ああもう、人が急いでるときに限って解りやすいトラブル起こしやがってからに!
なんて考えつつも早足で若者の元へ。
2人ともオシャレで、色んなところにピアスを開け、眉毛をハの字に曲げている。
スキーのボーゲンみたいな眉毛だ。
笑いたくなったけど、空気を読んで我慢した。
青年の怒気はおばちゃんに向けられている。
「テメーが悪いんだろ!? ああ!?」
おばちゃんが何をしたのかは知らないけれど、男2人がかりで声を荒げるべきではない。
これが少年漫画だったら彼らは残念な負け方をしてしまうところであろう。
でも、瞬殺なんかしたら俺のほうがカッコ悪いことになってしまうではないか。
俺は街中でも好感度を気にしているのだ。
手なんか出してたまるか。
仮にお巡りさんが来ちゃったら、空手の段を持っているだけに俺まで怒られる。
出版社での待ち合わせに遅刻することを覚悟し、俺は穏やかな表情でただそこに立った。
若者が暴れ出したらすぐに手を掴める位置だ。
これだけ近ければ、彼らはおばちゃんに手を上げることが心理的にやりにくくなる。
青年はさっきほどの勢いではなくなったけれど、目上の女性に対して文句言いまくりだ。
原因はどうやら、電車内で喋る彼らをおばちゃんが注意したことであるらしい。
その注意の仕方がヒステリックで、若者の逆鱗に触れてしまったのだそうだ。
いやいやいやいや。
おばちゃんの注意の仕方に問題があったとしても、悪いの君たちじゃないか?
だって電車の中でうるさく喋ってたんでしょ?
自分ら自覚ないだろうけど、世間ではそれを逆ギレって呼んでいます。
などと、思ったことを口にしたら余計なトラブルに発展するのでやっぱり我慢。
若者の口調はというと、今度はお説教モードだ。
おばちゃんには悪いけど、面白い。
第三者から見て悪いほうが説教してる。
「こう見えても俺、子供いるんだあ? 人の親やってんのね?」
えーッ!?
意外すぎる言葉に内心大いに驚く。
じゃあなんでそんなに器ちっちゃいんですかーッ!?
お子様の将来が非常に心配である。
でもまあ、若者たちは気が済んだらしく、お行儀悪く唾を吐いてその場を去った。
俺も急ぎの用だったので、改めて駅へと向かう。
ここからはちょっといい話なんだけど、実はもう1名、このやり取りを見守っていた人物がいた。
通行人の大学生らしき女の子だ。
彼女は俺の視界の隅でおろおろし、「自分も輪に加わるべきじゃないか」と明らかに迷っていた。

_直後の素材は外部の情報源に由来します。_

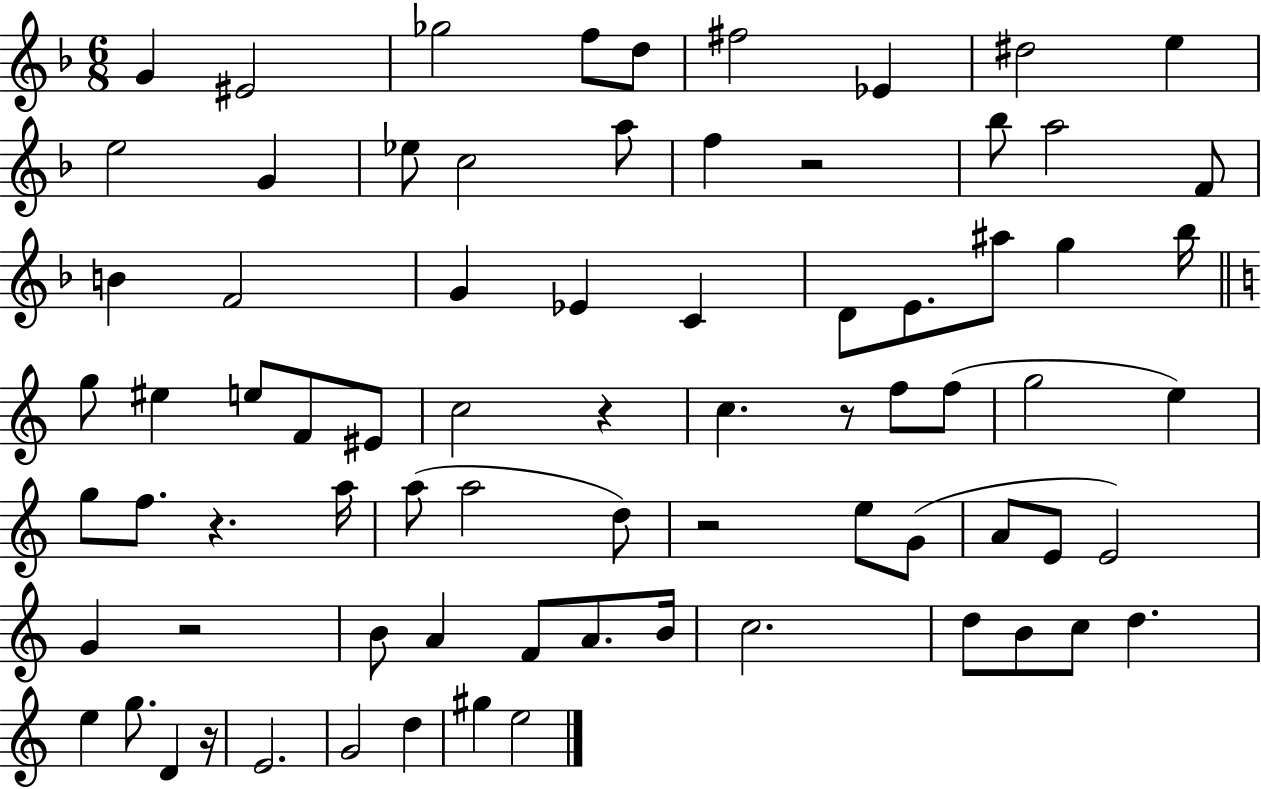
X:1
T:Untitled
M:6/8
L:1/4
K:F
G ^E2 _g2 f/2 d/2 ^f2 _E ^d2 e e2 G _e/2 c2 a/2 f z2 _b/2 a2 F/2 B F2 G _E C D/2 E/2 ^a/2 g _b/4 g/2 ^e e/2 F/2 ^E/2 c2 z c z/2 f/2 f/2 g2 e g/2 f/2 z a/4 a/2 a2 d/2 z2 e/2 G/2 A/2 E/2 E2 G z2 B/2 A F/2 A/2 B/4 c2 d/2 B/2 c/2 d e g/2 D z/4 E2 G2 d ^g e2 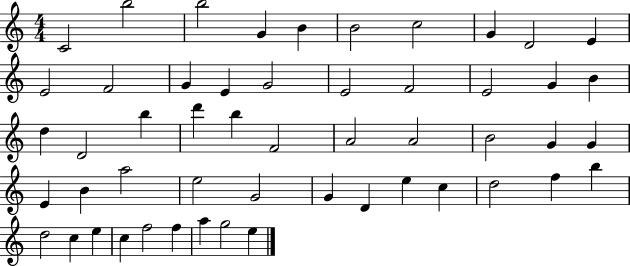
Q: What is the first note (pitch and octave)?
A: C4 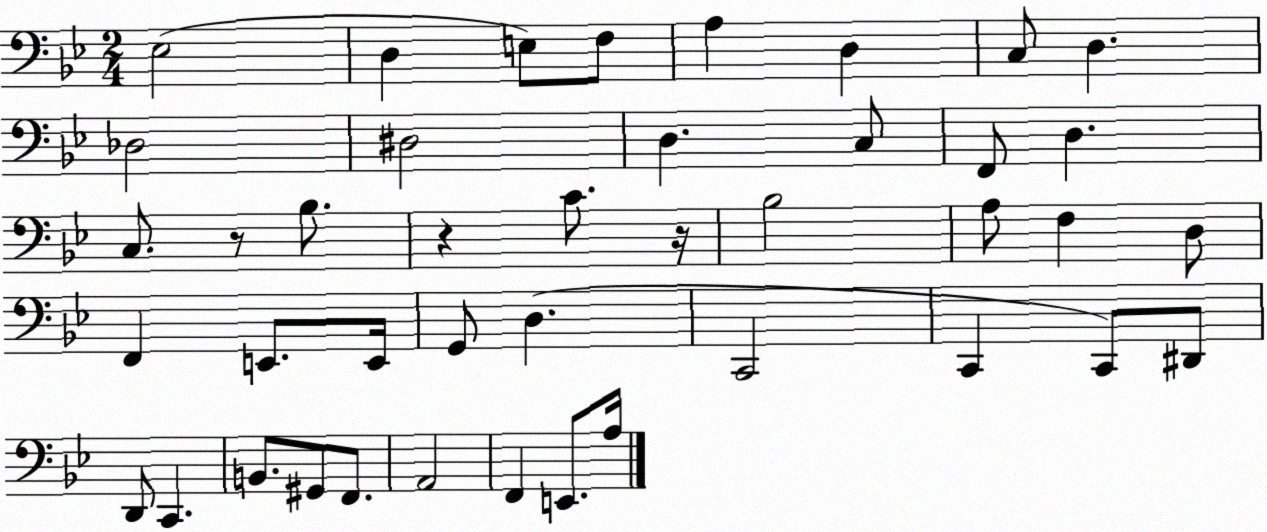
X:1
T:Untitled
M:2/4
L:1/4
K:Bb
_E,2 D, E,/2 F,/2 A, D, C,/2 D, _D,2 ^D,2 D, C,/2 F,,/2 D, C,/2 z/2 _B,/2 z C/2 z/4 _B,2 A,/2 F, D,/2 F,, E,,/2 E,,/4 G,,/2 D, C,,2 C,, C,,/2 ^D,,/2 D,,/2 C,, B,,/2 ^G,,/2 F,,/2 A,,2 F,, E,,/2 A,/4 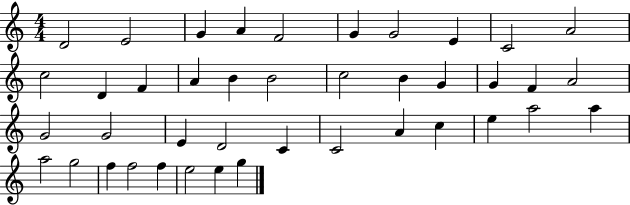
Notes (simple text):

D4/h E4/h G4/q A4/q F4/h G4/q G4/h E4/q C4/h A4/h C5/h D4/q F4/q A4/q B4/q B4/h C5/h B4/q G4/q G4/q F4/q A4/h G4/h G4/h E4/q D4/h C4/q C4/h A4/q C5/q E5/q A5/h A5/q A5/h G5/h F5/q F5/h F5/q E5/h E5/q G5/q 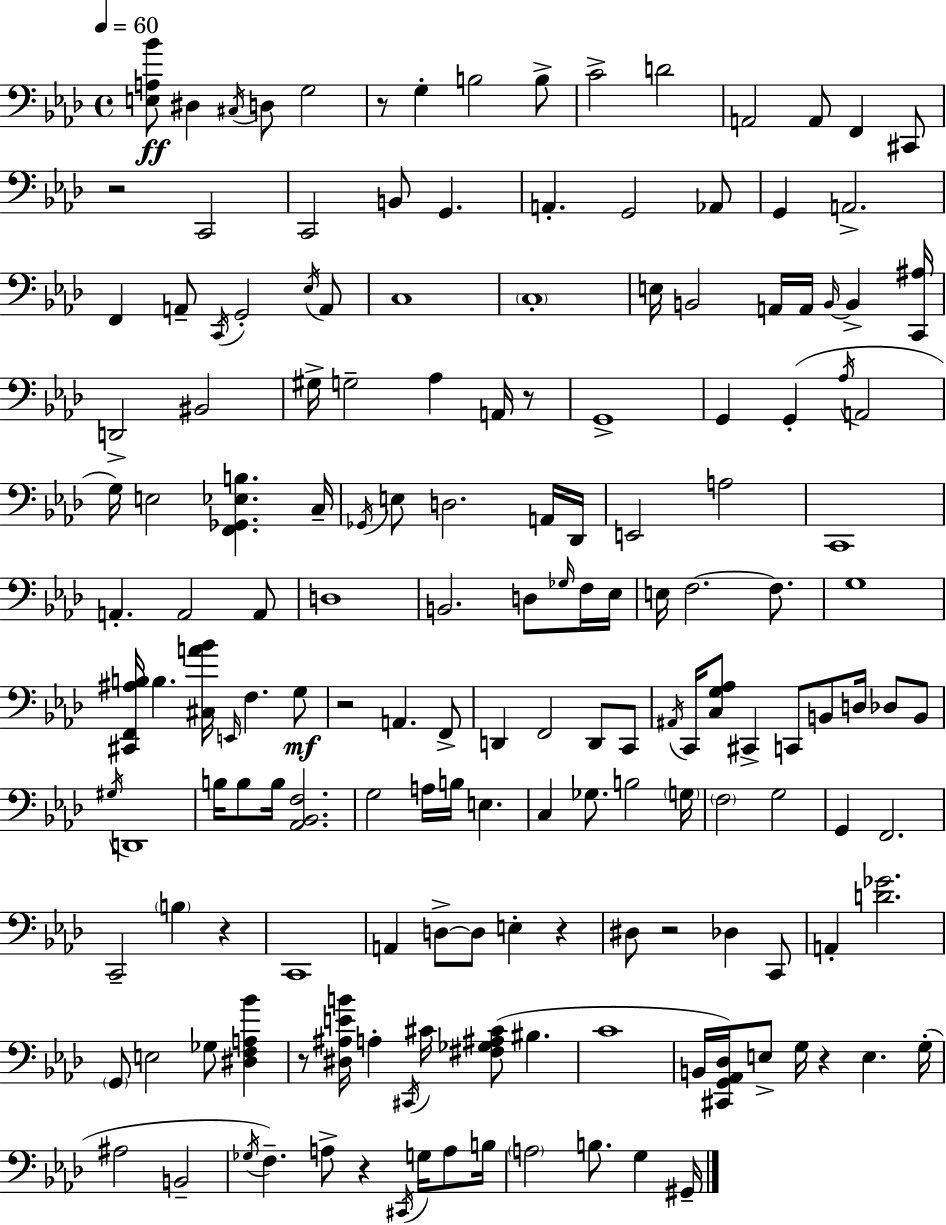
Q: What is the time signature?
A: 4/4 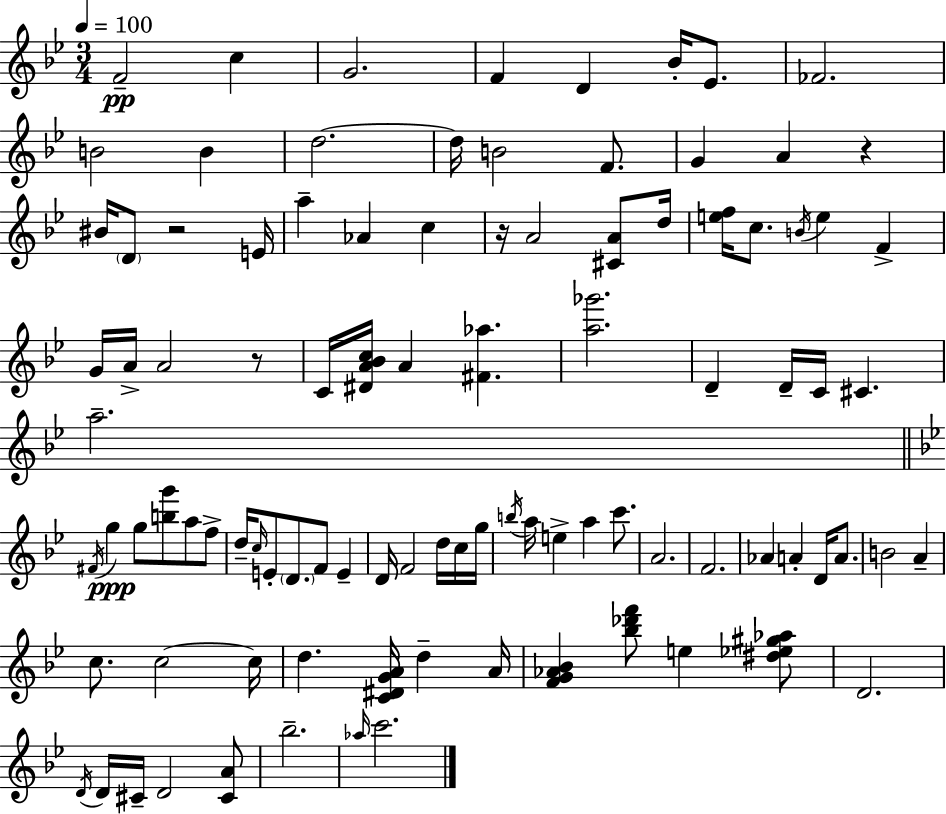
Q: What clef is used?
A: treble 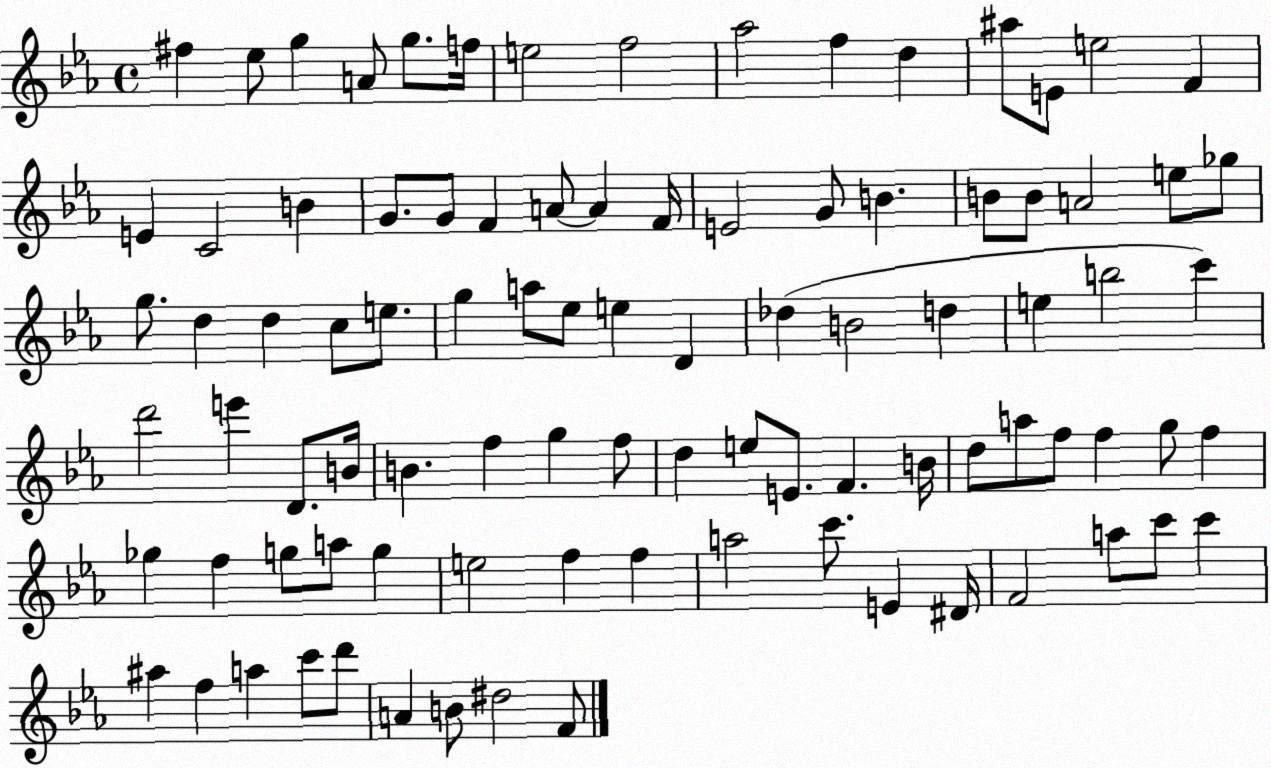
X:1
T:Untitled
M:4/4
L:1/4
K:Eb
^f _e/2 g A/2 g/2 f/4 e2 f2 _a2 f d ^a/2 E/2 e2 F E C2 B G/2 G/2 F A/2 A F/4 E2 G/2 B B/2 B/2 A2 e/2 _g/2 g/2 d d c/2 e/2 g a/2 _e/2 e D _d B2 d e b2 c' d'2 e' D/2 B/4 B f g f/2 d e/2 E/2 F B/4 d/2 a/2 f/2 f g/2 f _g f g/2 a/2 g e2 f f a2 c'/2 E ^D/4 F2 a/2 c'/2 c' ^a f a c'/2 d'/2 A B/2 ^d2 F/2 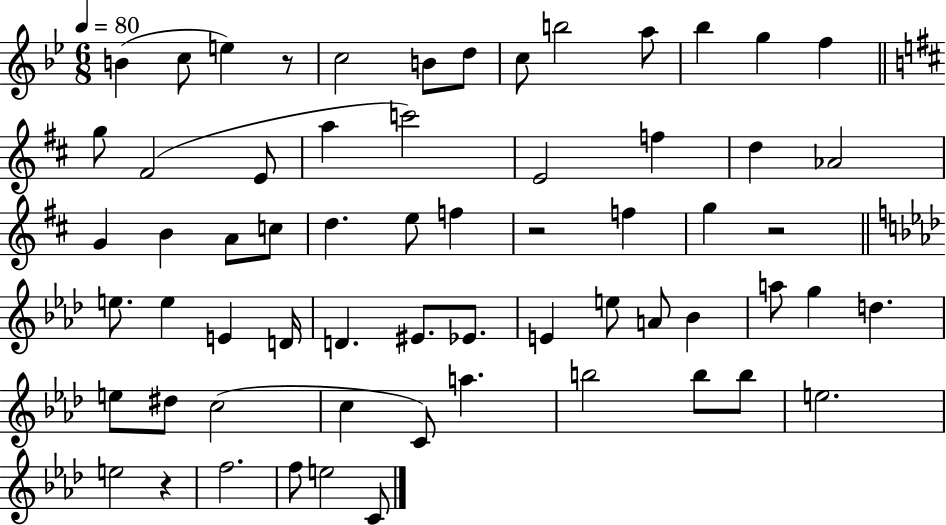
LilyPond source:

{
  \clef treble
  \numericTimeSignature
  \time 6/8
  \key bes \major
  \tempo 4 = 80
  b'4( c''8 e''4) r8 | c''2 b'8 d''8 | c''8 b''2 a''8 | bes''4 g''4 f''4 | \break \bar "||" \break \key d \major g''8 fis'2( e'8 | a''4 c'''2) | e'2 f''4 | d''4 aes'2 | \break g'4 b'4 a'8 c''8 | d''4. e''8 f''4 | r2 f''4 | g''4 r2 | \break \bar "||" \break \key f \minor e''8. e''4 e'4 d'16 | d'4. eis'8. ees'8. | e'4 e''8 a'8 bes'4 | a''8 g''4 d''4. | \break e''8 dis''8 c''2( | c''4 c'8) a''4. | b''2 b''8 b''8 | e''2. | \break e''2 r4 | f''2. | f''8 e''2 c'8 | \bar "|."
} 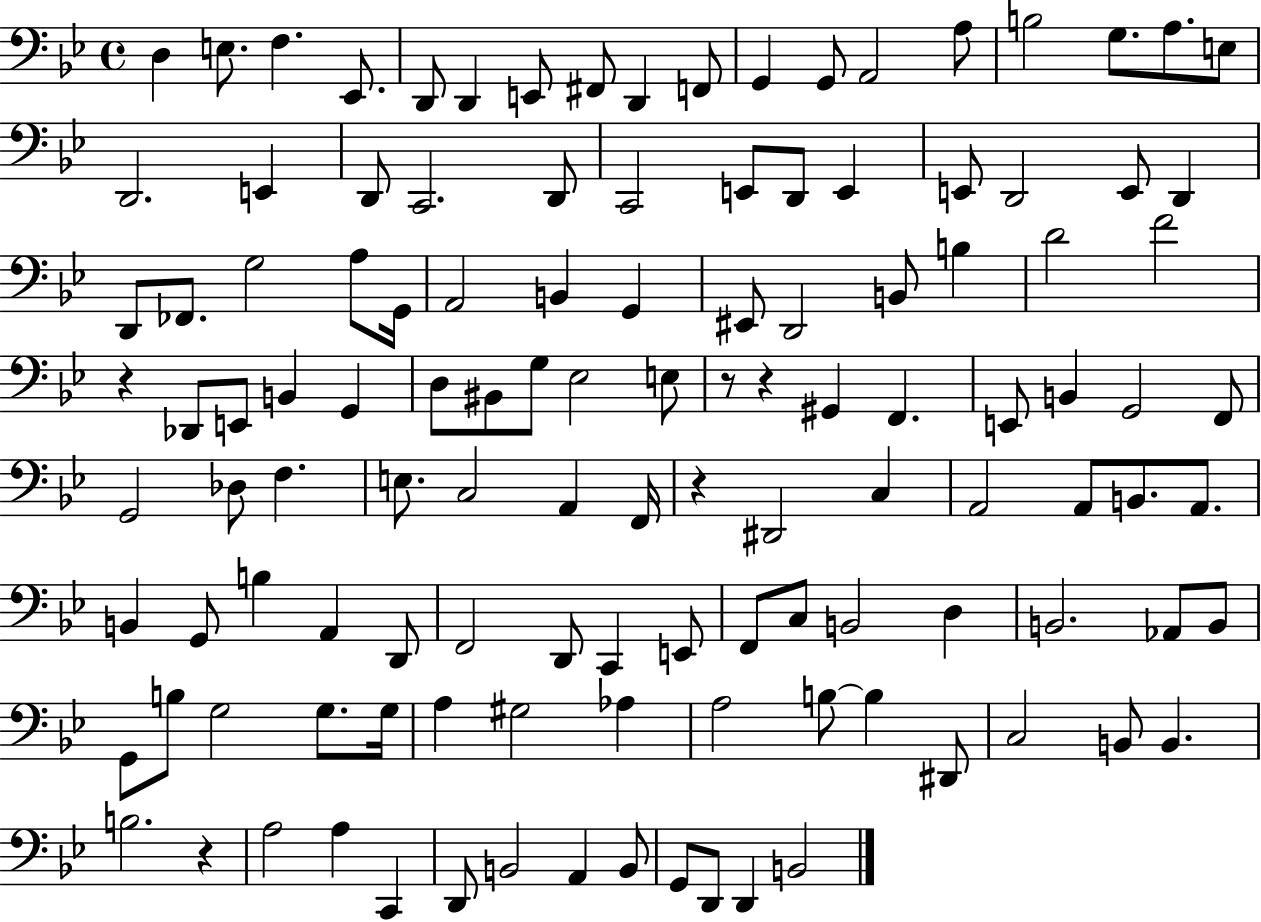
X:1
T:Untitled
M:4/4
L:1/4
K:Bb
D, E,/2 F, _E,,/2 D,,/2 D,, E,,/2 ^F,,/2 D,, F,,/2 G,, G,,/2 A,,2 A,/2 B,2 G,/2 A,/2 E,/2 D,,2 E,, D,,/2 C,,2 D,,/2 C,,2 E,,/2 D,,/2 E,, E,,/2 D,,2 E,,/2 D,, D,,/2 _F,,/2 G,2 A,/2 G,,/4 A,,2 B,, G,, ^E,,/2 D,,2 B,,/2 B, D2 F2 z _D,,/2 E,,/2 B,, G,, D,/2 ^B,,/2 G,/2 _E,2 E,/2 z/2 z ^G,, F,, E,,/2 B,, G,,2 F,,/2 G,,2 _D,/2 F, E,/2 C,2 A,, F,,/4 z ^D,,2 C, A,,2 A,,/2 B,,/2 A,,/2 B,, G,,/2 B, A,, D,,/2 F,,2 D,,/2 C,, E,,/2 F,,/2 C,/2 B,,2 D, B,,2 _A,,/2 B,,/2 G,,/2 B,/2 G,2 G,/2 G,/4 A, ^G,2 _A, A,2 B,/2 B, ^D,,/2 C,2 B,,/2 B,, B,2 z A,2 A, C,, D,,/2 B,,2 A,, B,,/2 G,,/2 D,,/2 D,, B,,2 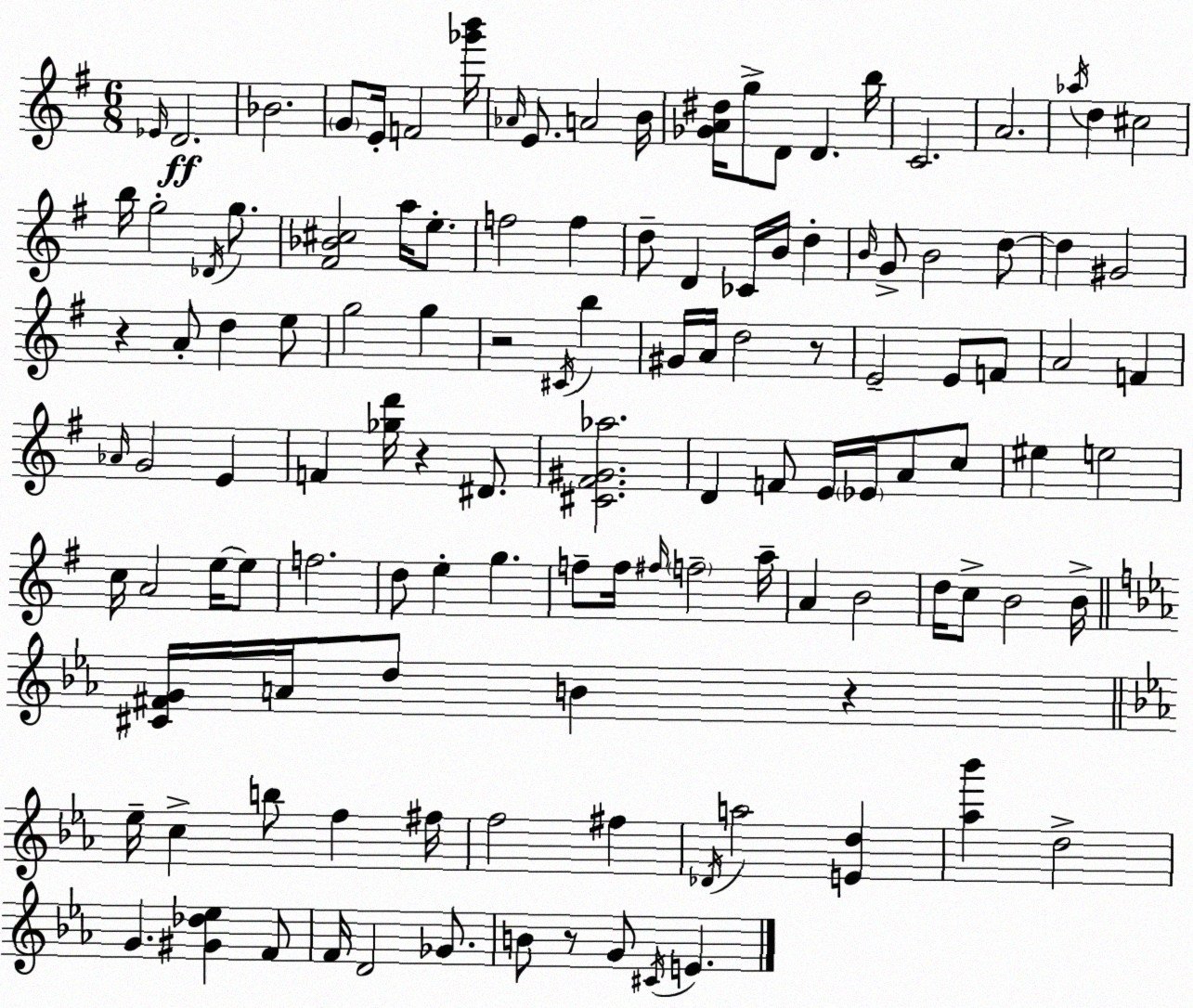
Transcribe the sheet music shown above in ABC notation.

X:1
T:Untitled
M:6/8
L:1/4
K:Em
_E/4 D2 _B2 G/2 E/4 F2 [_g'b']/4 _A/4 E/2 A2 B/4 [_GA^d]/4 g/2 D/2 D b/4 C2 A2 _a/4 d ^c2 b/4 g2 _D/4 g/2 [^F_B^c]2 a/4 e/2 f2 f d/2 D _C/4 B/4 d B/4 G/2 B2 d/2 d ^G2 z A/2 d e/2 g2 g z2 ^C/4 b ^G/4 A/4 d2 z/2 E2 E/2 F/2 A2 F _A/4 G2 E F [_gd']/4 z ^D/2 [^C^F^G_a]2 D F/2 E/4 _E/4 A/2 c/2 ^e e2 c/4 A2 e/4 e/2 f2 d/2 e g f/2 f/4 ^f/4 f2 a/4 A B2 d/4 c/2 B2 B/4 [^C^FG]/4 A/4 d/2 B z _e/4 c b/2 f ^f/4 f2 ^f _D/4 a2 [Ed] [_a_b'] d2 G [^G_d_e] F/2 F/4 D2 _G/2 B/2 z/2 G/2 ^C/4 E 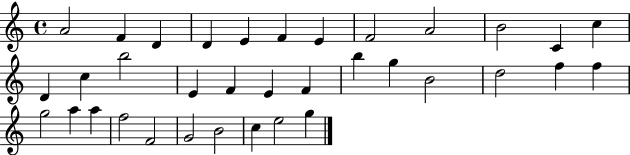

俺が弱そうだから逆にやっつけられやしないか、おばちゃんごとぶっ飛ばされてしまうのではないかと心配してくれていたことが伺える。
女の子なのに凄い勇気だ。
この日最もカッコよかったのは間違いなく彼女であった。
俺と違って、彼女には武器がないのだ。
にも関わらず、彼女は問題が解決するまでその場を後にはしなかった。
くっそ。
なんか悔しい。
そうそう。
喧嘩といえば、悪友のトメだ。
今はすっかり落ち着いて優しげな顔つきになってはいるものの、彼は学生時代、クラスメイトの不良たちに一目置かれるぐらいに険しい表情をしていた。
実際強いし、すぐに暴れる。
中学の頃、彼は自転車同士が少しかすっただけでも大声を出した。
「いてーじゃねえかテメーらァー!」
痛くない、痛くないよトメ。
当たったのは自転車だよトメ。
お前どんだけ気が短いんだ。
俺がいなかったので、トメは自由に羽ばたき、3名の不良の人たちをやっつけてしまう。
気づいた頃にはトメの足元で知らない人が3人で土下座をしていたのだそうだ。
もう1度書こう。
自転車同士がちょっとかすっただけだ。
それなのにこれだ。
頭が悪いのだろうか。
そんな悪友が身近にいるものだから、日常からして気が抜けたものではない。
高校に上がり、みんなで遊園地に行こうといった話になったときのことだ。
友人宅で待ち合わせをし、面子が揃って出発。
友人の家は団地で、階段を下りて外へと出る。
そこで何かしらの気配をトメは感じたのだろう。
彼は後ろを振り返り、空を見上げていた。
釣られてトメの視線を追うと、団地の屋上からこちらを見下ろしている連中が。
明らかに俺たちを威嚇しておいでだった。
やることないのか他に。
だいたいトメよ。
背後からの視線に気づくって、どこのエスパーなんだお前は。
こちらには女子も含めて計6名。
屋上の方々のほうが見た感じ多人数で、しかも全員が戦闘要員みたいな面構えだ。
トメさん、余計なことはやめてくださいね。
彼にはそのように敬語でテレパシーを送っておいた。
俺からの念を受け取ったと同時に、トメは天に叫ぶ。
「なんだテメーらァ! 中坊か!?」
戦闘民族地球人だけを置いて、さっさと遊園地に行きたくなる。
トメはおバカさんだから、何も考えてはいない。
勝とうが負けようが、喧嘩になってしまった時点で遊園地を楽しむ空気ではなくなるではないか。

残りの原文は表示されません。